* SOURCE MATERIAL:
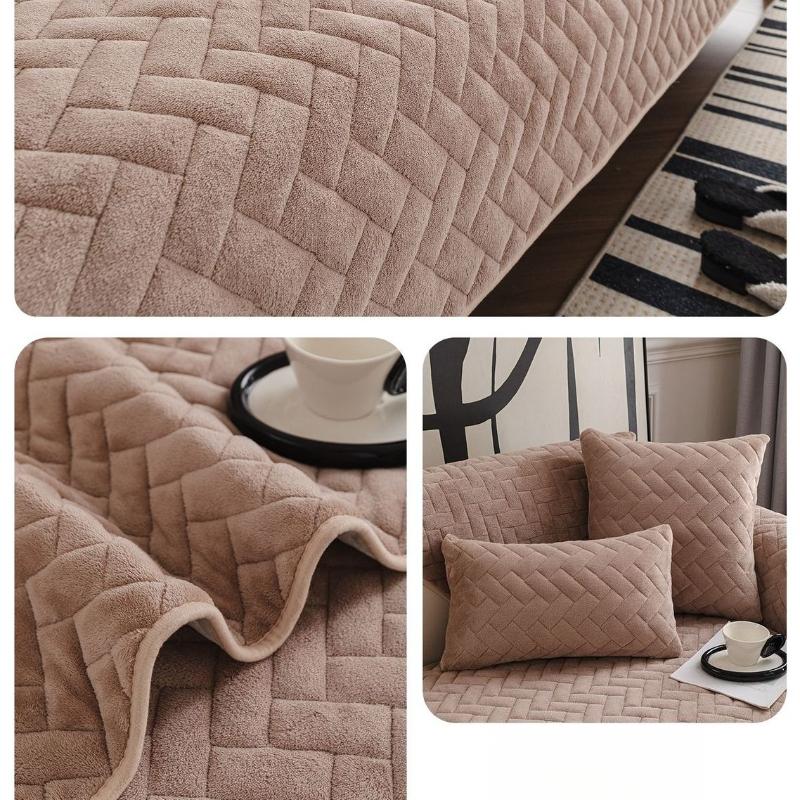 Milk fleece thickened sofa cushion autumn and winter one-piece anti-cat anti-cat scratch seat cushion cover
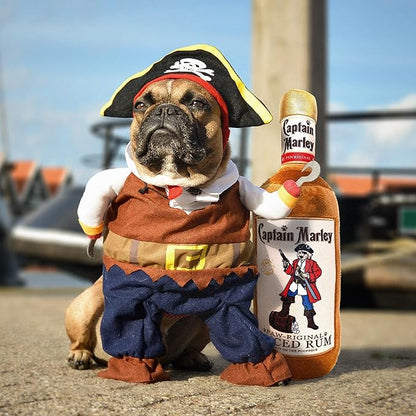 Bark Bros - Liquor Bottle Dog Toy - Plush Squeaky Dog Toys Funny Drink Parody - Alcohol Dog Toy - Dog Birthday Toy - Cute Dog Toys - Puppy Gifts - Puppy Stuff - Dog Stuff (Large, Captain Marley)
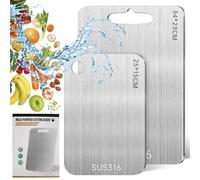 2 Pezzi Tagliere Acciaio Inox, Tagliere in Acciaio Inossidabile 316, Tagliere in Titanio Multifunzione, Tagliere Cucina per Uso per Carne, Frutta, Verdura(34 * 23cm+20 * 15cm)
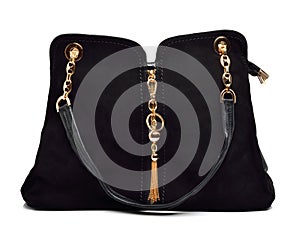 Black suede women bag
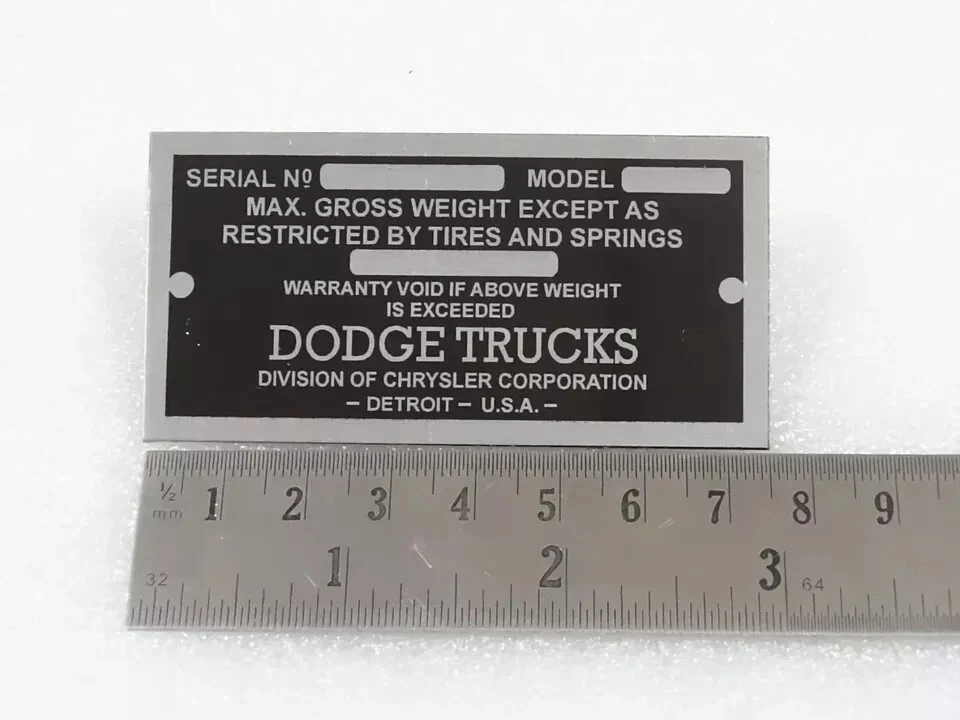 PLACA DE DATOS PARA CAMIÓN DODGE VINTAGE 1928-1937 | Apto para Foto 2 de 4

---

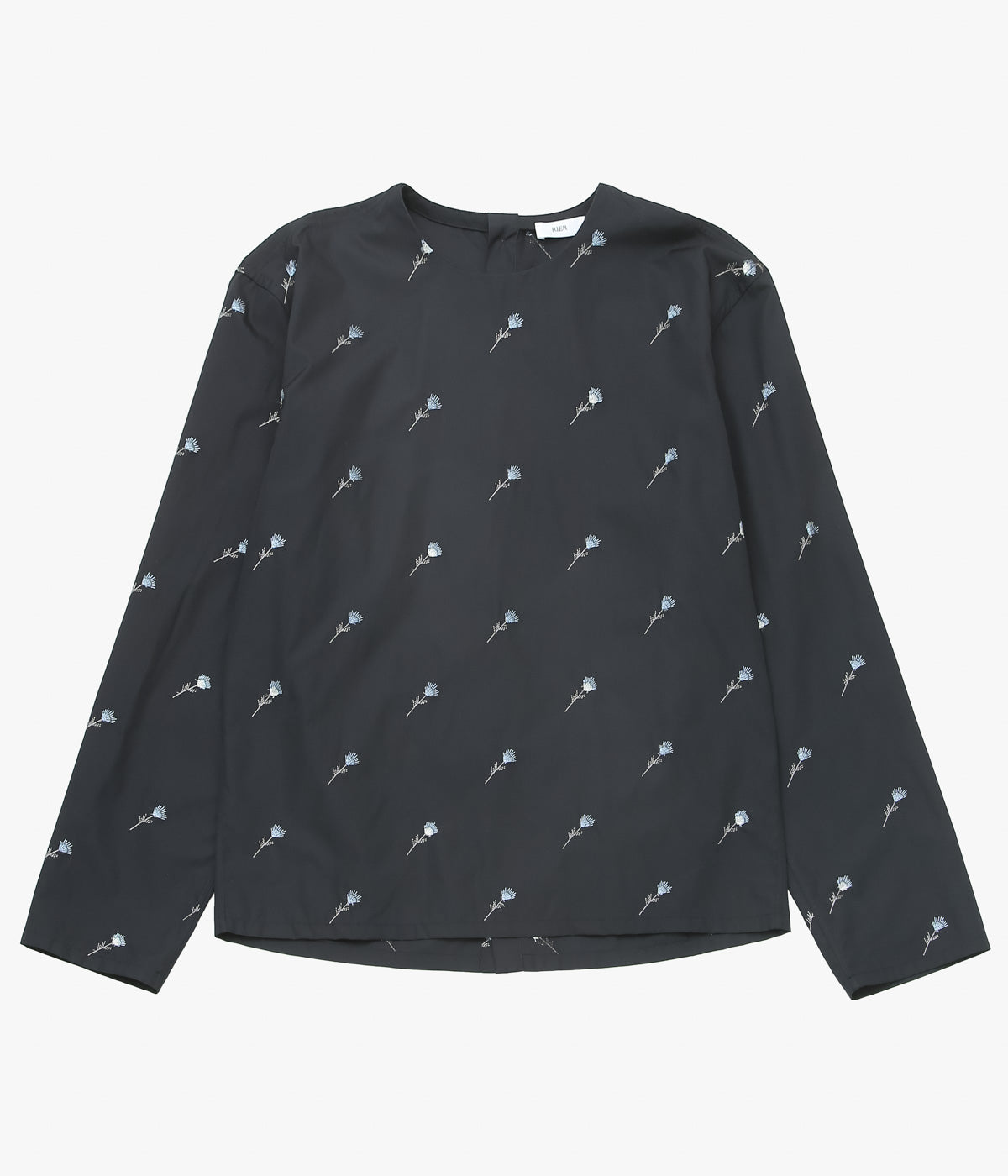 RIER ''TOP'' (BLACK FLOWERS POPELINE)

* PROBLEM STATEMENT:
Using the data above, which lines fall from the one with "Milk fleece thickened" through the one with "PLACA DE DATOS"? Repeat them exactly, ends included, minus any pictures.

* YOUR SOLUTION:
 Milk fleece thickened sofa cushion autumn and winter one-piece anti-cat anti-cat scratch seat cushion cover
 Bark Bros - Liquor Bottle Dog Toy - Plush Squeaky Dog Toys Funny Drink Parody - Alcohol Dog Toy - Dog Birthday Toy - Cute Dog Toys - Puppy Gifts - Puppy Stuff - Dog Stuff (Large, Captain Marley)
 2 Pezzi Tagliere Acciaio Inox, Tagliere in Acciaio Inossidabile 316, Tagliere in Titanio Multifunzione, Tagliere Cucina per Uso per Carne, Frutta, Verdura(34 * 23cm+20 * 15cm)
 Black suede women bag
 PLACA DE DATOS PARA CAMIÓN DODGE VINTAGE 1928-1937 | Apto para Foto 2 de 4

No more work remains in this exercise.